Au premier titre, la question piège est bien celle de savoir si l’on doit afficher la recherche d’une alternance frontale entre droite et gauche (dont le succès est sans doute peu crédible) ou celle d’un glissement significatif vers moins d’inspiration de droite et plus d’inspiration de gauche (dont le succès est également incertain, parce que c’est moins mobilisateur pour les clientèles traditionnelles de gauche). Et derrière cette option, il y a la question, par les effets des scrutins majoritaires, du poids des institutions en faveur de ce qui reste la bipolarisation (électorale du moins), alors que le problème de nos institutions (c’est à dire des scrutins majoritaires auxquels ces institutions se résument largement et auxquels sont en fait attachés ceux de gauche qui veulent croire ou faire croire aux vertus apparentes de la vieille alternance) n’est pas vraiment posé par l’opposition. Or, sortir de cette bipolarisation là, donc de la toute puissance des scrutins majoritaires, serait de l’intérêt des centres de progrès, comme d’ailleurs de tout parti contestataire minoritaire. On voit que la question des alliances pour les élections présidentielles ne peut être vraiment traitée dans une perspective à moyen terme si elle est déconnectée de la question du mode de scrutin législatif.

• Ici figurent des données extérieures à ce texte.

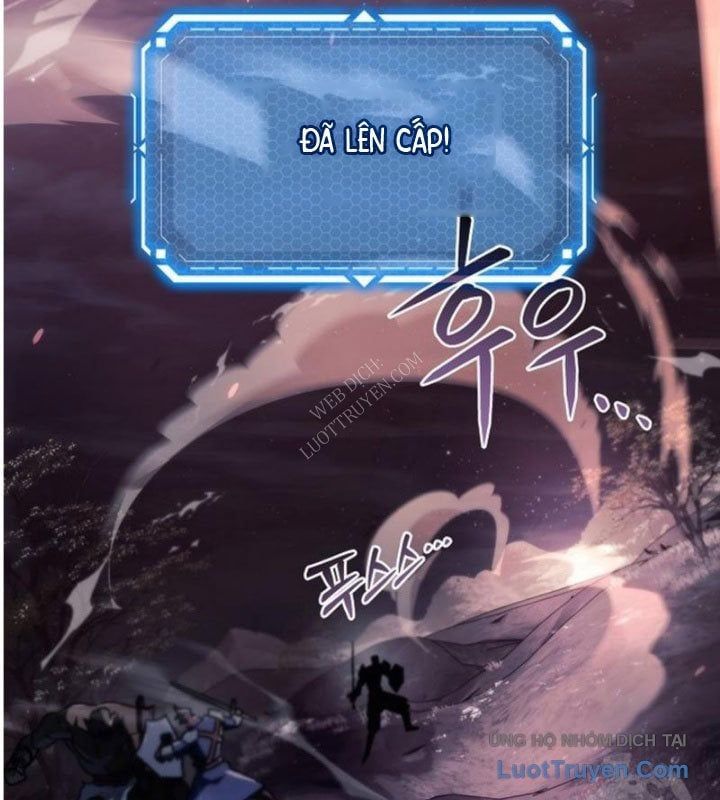 Trò Chơi Của Thợ Rèn Thiên Tài Chap 8 - Next Chap 9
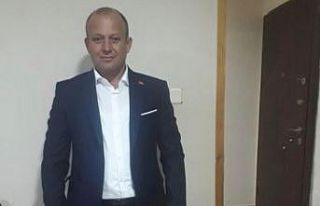 Ekonomik değil, baba olamadığı için canına kıymış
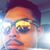 Elier Payan's profile image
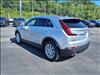 2019 Cadillac XT4 Luxury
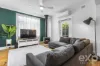 3 Ward Street, Kadina, SA 5554-Image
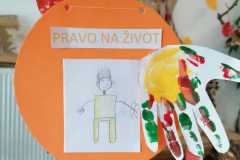 IMG-20211122-WA0005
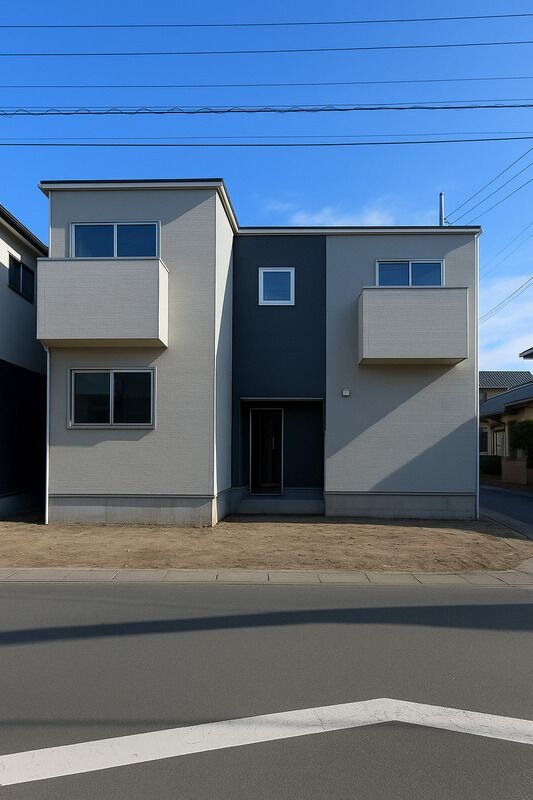 物件内観写真17　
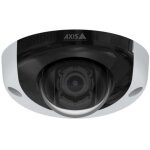 Axis 01919 - 001 caméra de sécurité dôme caméra de sécurité ip 1920 x 1 Axis 01919 - 001 caméra de sécurité dôme caméra de sécurité ip 1920 x 1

Sur ces fondamentaux c’est plutôt partout le "silence radio", au sens exact du terme puisque les médias n’en parlent guère. Quant à la manière, en cas de succès et, avant tout, comme moyen de celui-ci, de concevoir des bases communes pour la gestion éventuelle des affaires du pays, on en est très loin de toutes parts. La Rochelle a fui les vraies questions (comment résoudre les problèmes des Français) au profit de questions tactiques (comment résoudre le problème des socialistes). Le jeu s’est donc ramené à celui de savoir comment seraient désignés des candidats à une présidentielle, sans redéfinir sur quelles bases stratégiques un bon candidat serait possible. Ceci illustre d’abord que c’est le scrutin présidentiel qui continue à obérer toute la vie politique française, alors que les résultats de législatives pourraient, un jour, démentir - par des alliances originales ou par l’engagement de certains de créer pour l’avenir une vraie une dose de représentation proportionnelle - le mécano mortel du quinquennat qui n’a voulu permettre que "la démocratie absolue" des cartels opposés. Et la Rochelle, par le choix des primaires, renforce pour l’instant, faute d’accompagnements de fond, la nature "présidentialiste" du régime. Ce qui était probable et vient d’être acté, c’est la charrue avant les boeufs, dans la plus grande confusion, car on ne peut savoir ni quel serait un corps électoral, ni comment se présenteraient devant lui des candidats ; c’est que le PS en optant pour des primaires ouvertes pour désigner un candidat présidentiel, se soumet à une espèce de large contagion du système des adhésions à quelques euros qui avaient rallié des militants de circonstances pour choisir, avec la campagne et le résultat que l’on sait, Ségolène Royal.

Et l’on voit bien qu’au sein du PS, serait sans doute bénéficiaire de ce jeu le plus grand dénominateur commun de popularité, combiné avec le plus petit dénominateur commun de programme, donc une personnalité ayant une bonne image d’ouverture et qui serait aujourd’hui la plus appréciée des Français, avec pour celle-ci l’avantage qu’en général ces Français - intoxiqués à merveille- n’ont pas compris que l’ordre libre échangiste européo- international qui paraît le credo des profils auxquels on peut penser (sauf si un postulant venait à mettre beaucoup d’eau dans ce vin) est incompatible avec la satisfaction de leurs attentes en matière de sécurité de l’emploi et plus généralement de garanties de leur niveau et conditions d’existence. Ainsi le choix des primaires prépare peut-être de fausses alternances en occultant les vrais débats, institutionnels et économiques.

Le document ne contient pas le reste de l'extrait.